Padahal hymne itu sendiri dalam sejarah
Yunani kuno selalu didentikkan dengan kegiatan sakral kepada para dewa dan juga
diadopsi oleh gereja yang menjadikan nyanyian dengan senandung ini sebagai
bagian dari peribadatan mereka. Lebih-lebih lagi tatkala para petinggi
universitas memasuki dan meninggalkan ruangan diiringi oleh nyanyian
tertentu—Gaudeamus Igitur. Tidak diragukan lagi bahwa, umat Islam dilarang
untuk meniru-niru kebiasaan agama lain, apalagi hal itu merupakan bentuk
peribadatan mereka.
Keempat,
adanya suatu prosesi di mana pihak yang ditunjuk seperti rektor, guru besar,
dekan atau pejabat perguruan tinggi lainnya memindahkan jambul yang ada pada
topi toga wisudawan/wati dengan posisi tertentu. Ini juga merupakan bukan
tradisi Islam dan sangat jelas bahwa hal ini mirip dengan cara pemberkatan para
pendeta dan juga Paus kepada jemaatnya, serta cara pemberkatan oleh para rabi
Yahudi, seperti pemberkatan pada para tentara Israel yang akan berperang dan
menjajah di Palestina.
Banyak hal tentang
seremonial wisuda yang mesti dibedah dengan kaca mata Islam. Namun dari empat
hal sederhana di atas, sangat mudah dipahami bahwa seremonial wisuda seperti
yang selama ini dikenal bukan berasal dari ajaran Islam, tidak pula dari
tradisi keilmuan kaum muslimin. Bahkan begitu terang lagi nyata semua hal itu
merupakan kebiasaan-kebiasaan yang ada pada kaum bukan Islam.

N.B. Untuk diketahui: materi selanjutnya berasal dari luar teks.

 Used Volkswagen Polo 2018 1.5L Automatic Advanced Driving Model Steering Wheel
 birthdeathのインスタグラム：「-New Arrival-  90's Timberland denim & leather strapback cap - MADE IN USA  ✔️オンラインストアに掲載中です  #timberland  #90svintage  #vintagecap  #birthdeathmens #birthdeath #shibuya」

Terlihat dari
sangat kentalnya unsur-unsur keagamaan dan tradisi kaum bukan Islam yang
mengiringi rangkaian acara pada seremonial wisuda.
Untuk itulah, sudah
sepatutnya bagi kaum muslimin untuk tidak mengikuti, menghadiri, atau terlibat
dalam bentuk apapun dalam acara-acara sedemikian. Karena telah tetap pada agama
Islam, seperti hadis Nabi S.A.W yang sudah sangat terkenal di semua lapisan
masyarakat Islam bahwa, “Sesiapa yang meniru suatu kaum (dalam hal-hal yang
menjadi ciri khas kaum tertentu) maka dia termasuk dari kaum (yang ditirunya)
itu”
Pun telah menjadi
ketetapan bahwa Islam menyerukan pemeluknya untuk menyelisihi dan berbeda dengan kaum-kaum sebelum mereka.

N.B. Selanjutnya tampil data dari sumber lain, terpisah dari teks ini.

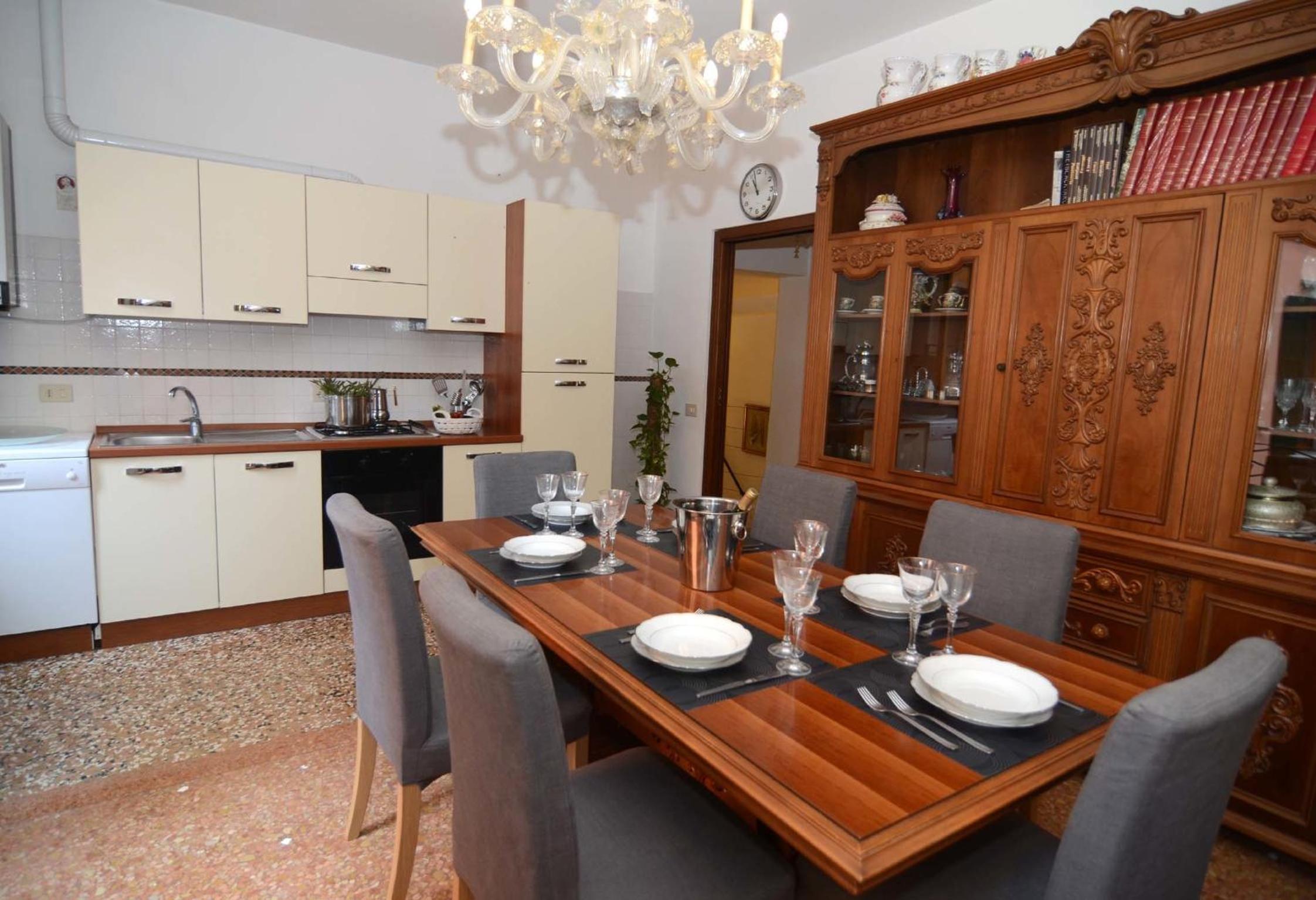 Maisonette photo 3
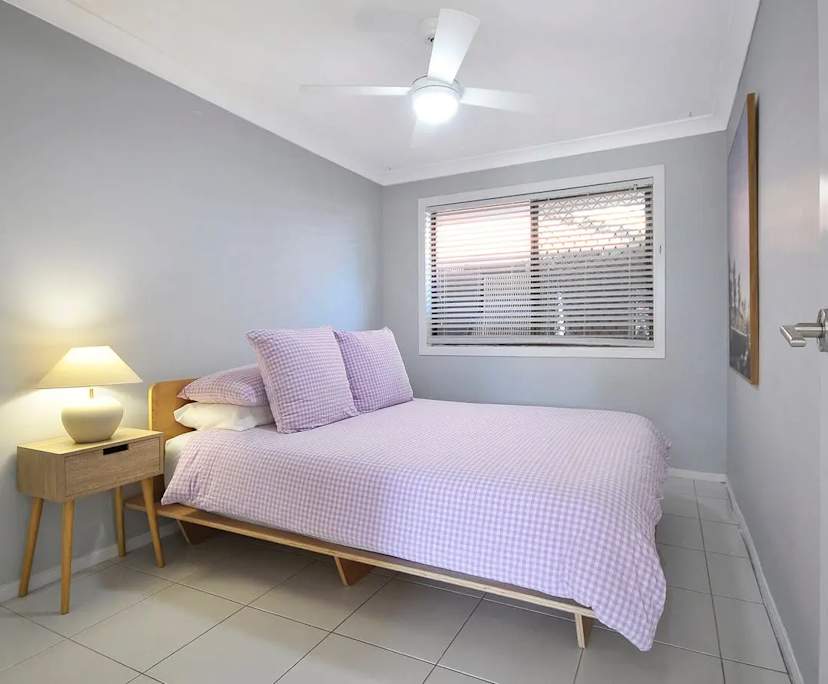Unfurnished room in a share house
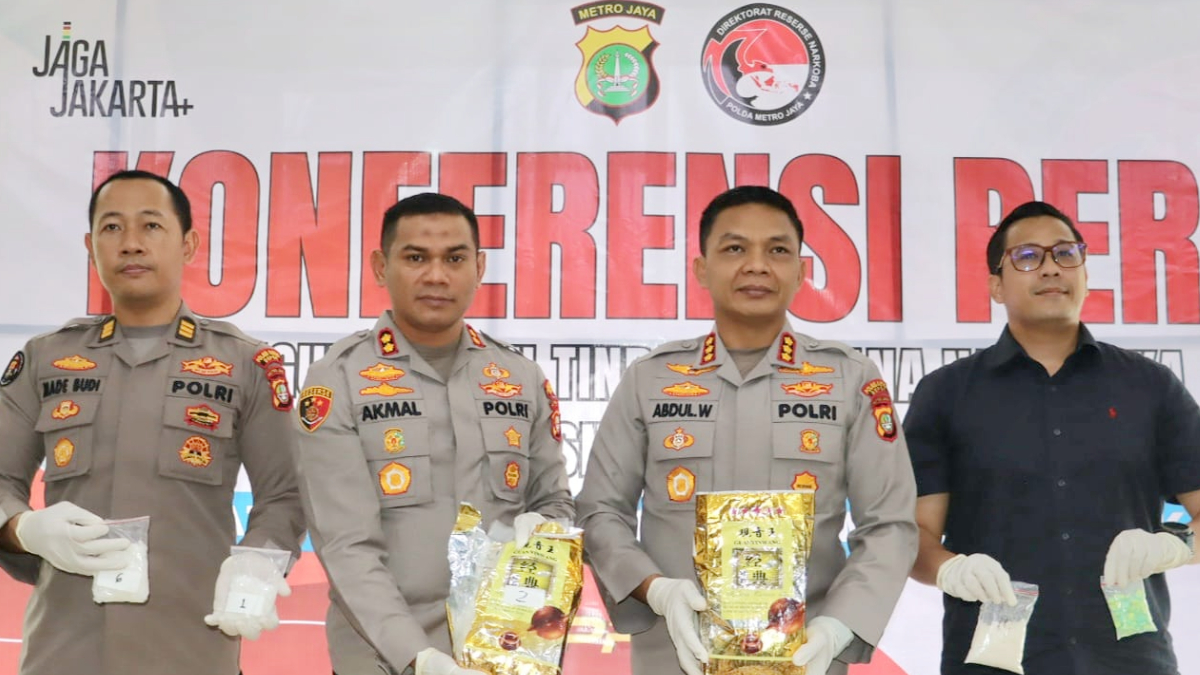 Konferensi pers pengungkapan bandar dan kurir narkoba jaringan Aceh-Malaysia oleh Polres Metro Depok.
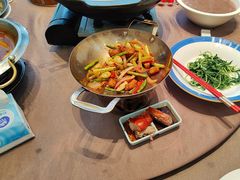-香山湖家家宴(中山陵店)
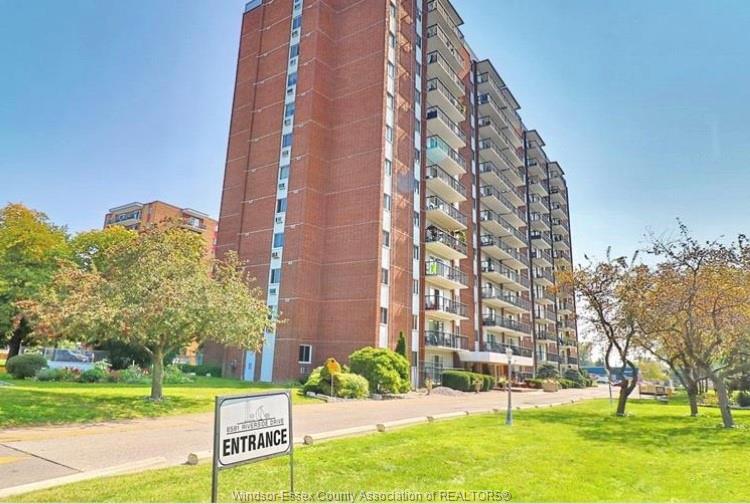 MLS# 26014973: 8591 Riverside Drive Unit# 711, Windsor, Canada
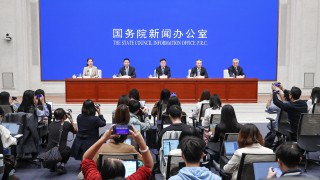 国新办举行高质量完成“十四五”规划系列主题新闻发布会 介绍“十四五”时期金融业发展成就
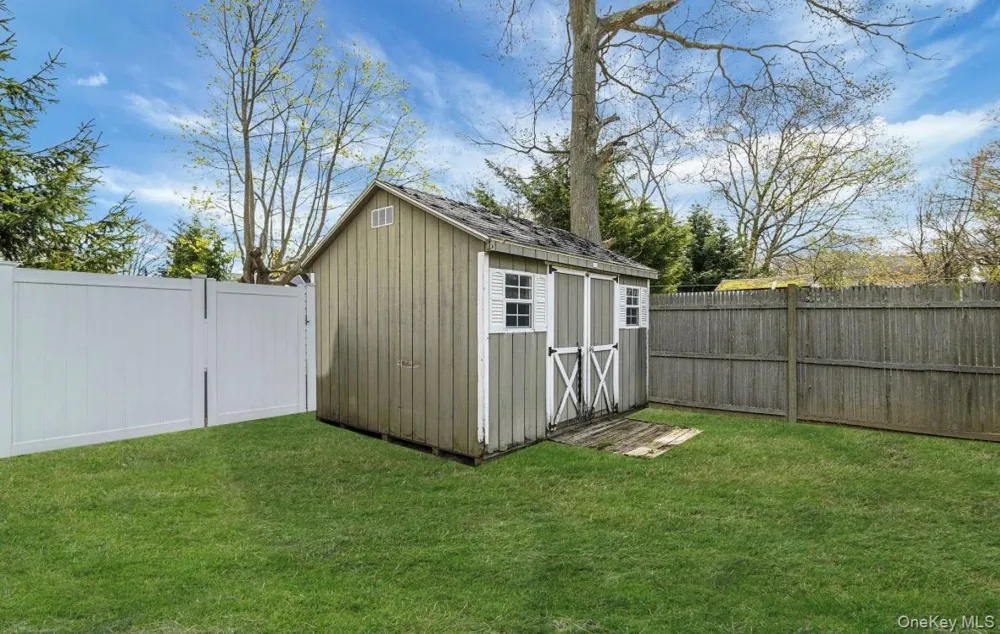 15 Maplewood Drive Shirley, NY 11967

Seperti kaum lelaki untuk memanjangkan jenggot dan memendekkan kumis, kepada
kaum wanita diperintahkan untuk mengenakan jilbab. Bahkan umat Islam juga
dianjurkan berpuasa pada hari ‘Asyura (10 Muharram) di mana orang-orang
Yahudi juga berpuasa pada hari itu. Namun Islam memberikan kekhasan pada kaum
muslimin agar mereka juga berpuasa pada hari setelah atau sebelumnya untuk menyelishi
kaum bukan Islam tersebut.
Seyogyanya, wisuda
sebagai luahan kegembiraan, sepatutnya dihiasi dengan penuh kesyukuran. Susah
payah selama perkuliahan paling tidak terbayarkan dengan gelar yang diraih.

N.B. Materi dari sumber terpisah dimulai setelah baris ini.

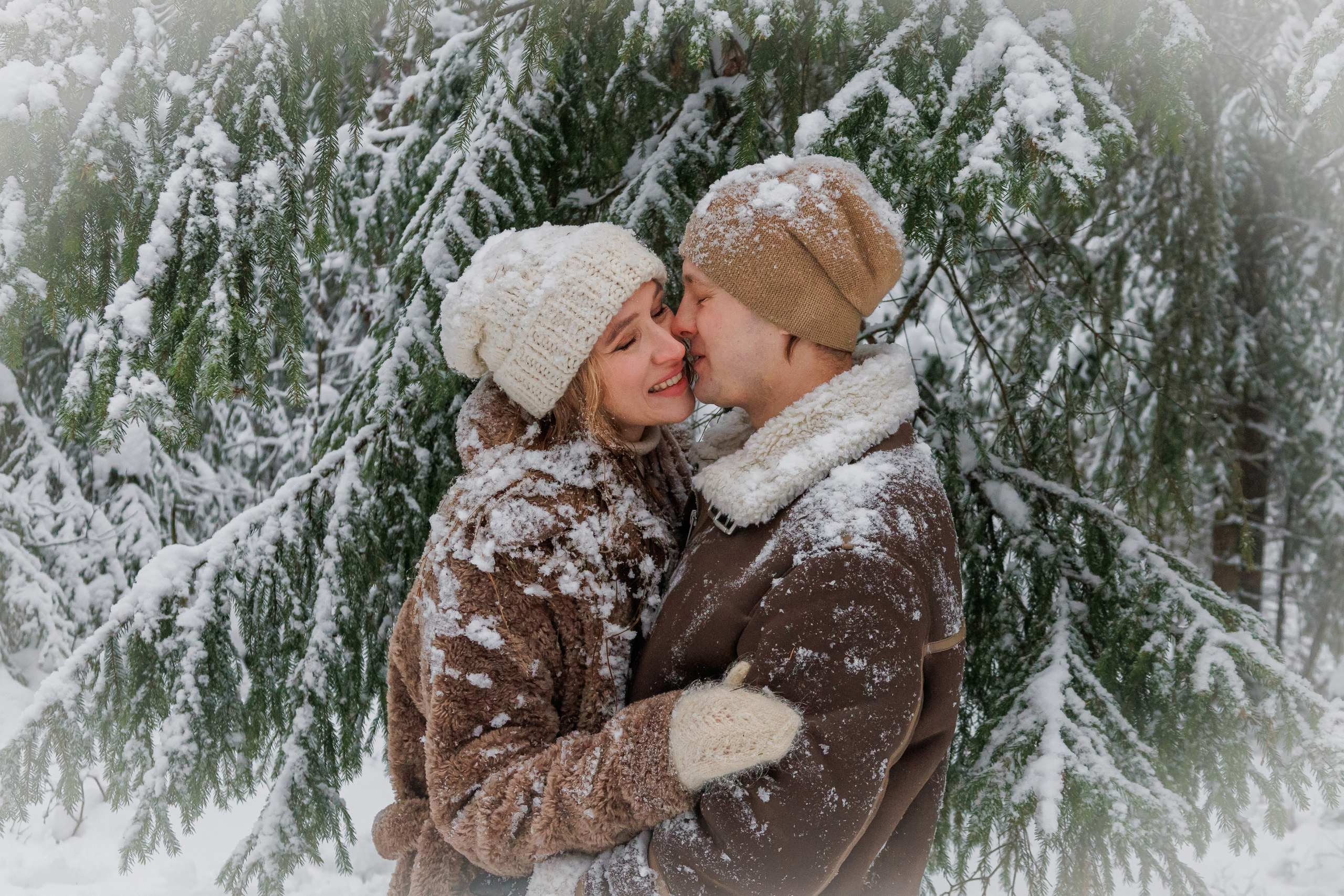 Александра и Александр. Зимняя фотоистория любви в парке. Портретный фотограф Панферова Регина г. Санкт-Петербург, г. Казань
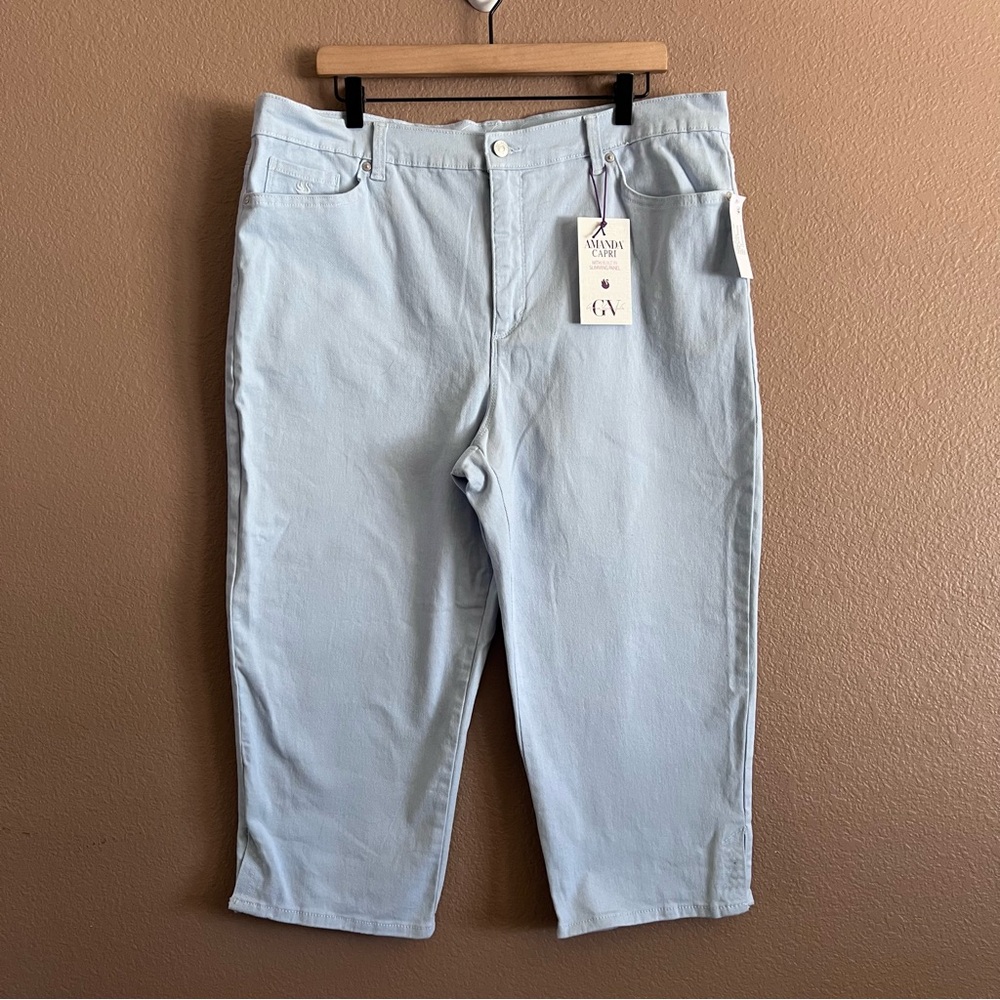 Gloria Vanderbilt Light Blue Capri Jeans with Built in Slimming Panel Size 18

Tugas ke depan adalah bagaimana ilmu yang digeluti di bangku perguruan tinggi selama
ini dapat bermanfaat untuk kemaslahatan umat. Bukan malah dihiasi dengan
sesuatu yang bertentangan dan melanggar
nilai-nilai luhur agama Islam.
Mungkin inilah masa
seperti yang diisyaratkan oleh sebuah hadis dari Abu Sa’id Al Khudri dalam Shahiih
al Bukhaariy, hadis nomor 7320, “Kalian pasti akan mengikuti cara-cara
orang-orang sebelum kalian, sejengkal demi sejengkal, sehasta demi sehasta.
Bahkan jika mereka masuk ke lubang biawak sekalipun, kalian pasti akan mengikuti
mereka’. Kami (para sahabat) bertanya, “Wahai Rasulullah, apakah mereka
Yahudi dan Nasrani?” Beliau menjawab, “Siapa lagi?”